REQUIRED WORK: Range to reproduce from the entries below: the line with "Lele Sadoughi Brown", the line with "Mercedes-Benz GLK 2011 thumb 5", and every line in between. Give them exactly and give nothing else.

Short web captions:

_____

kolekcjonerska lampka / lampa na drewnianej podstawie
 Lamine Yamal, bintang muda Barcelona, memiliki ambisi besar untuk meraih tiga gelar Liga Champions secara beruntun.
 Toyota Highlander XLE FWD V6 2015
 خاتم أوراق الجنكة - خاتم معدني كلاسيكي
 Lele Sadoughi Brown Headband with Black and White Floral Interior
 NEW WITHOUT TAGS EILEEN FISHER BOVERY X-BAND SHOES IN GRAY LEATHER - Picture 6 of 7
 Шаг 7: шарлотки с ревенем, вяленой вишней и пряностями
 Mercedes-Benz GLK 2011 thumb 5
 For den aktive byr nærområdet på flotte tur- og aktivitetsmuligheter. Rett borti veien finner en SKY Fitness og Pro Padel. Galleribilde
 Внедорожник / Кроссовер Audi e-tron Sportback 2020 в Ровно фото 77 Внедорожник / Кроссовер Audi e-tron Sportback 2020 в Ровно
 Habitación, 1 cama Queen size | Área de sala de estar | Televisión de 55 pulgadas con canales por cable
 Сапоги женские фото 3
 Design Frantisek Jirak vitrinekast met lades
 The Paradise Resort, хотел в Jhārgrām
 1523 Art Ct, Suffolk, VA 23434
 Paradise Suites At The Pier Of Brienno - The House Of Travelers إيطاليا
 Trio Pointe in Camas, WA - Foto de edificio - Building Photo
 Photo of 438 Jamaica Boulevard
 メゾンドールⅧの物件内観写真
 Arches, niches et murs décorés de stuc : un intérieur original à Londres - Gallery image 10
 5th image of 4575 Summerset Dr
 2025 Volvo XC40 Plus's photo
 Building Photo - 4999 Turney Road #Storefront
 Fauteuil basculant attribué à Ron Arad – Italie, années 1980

_____

RESULT FOR THIS EXERCISE:
 Lele Sadoughi Brown Headband with Black and White Floral Interior
 NEW WITHOUT TAGS EILEEN FISHER BOVERY X-BAND SHOES IN GRAY LEATHER - Picture 6 of 7
 Шаг 7: шарлотки с ревенем, вяленой вишней и пряностями
 Mercedes-Benz GLK 2011 thumb 5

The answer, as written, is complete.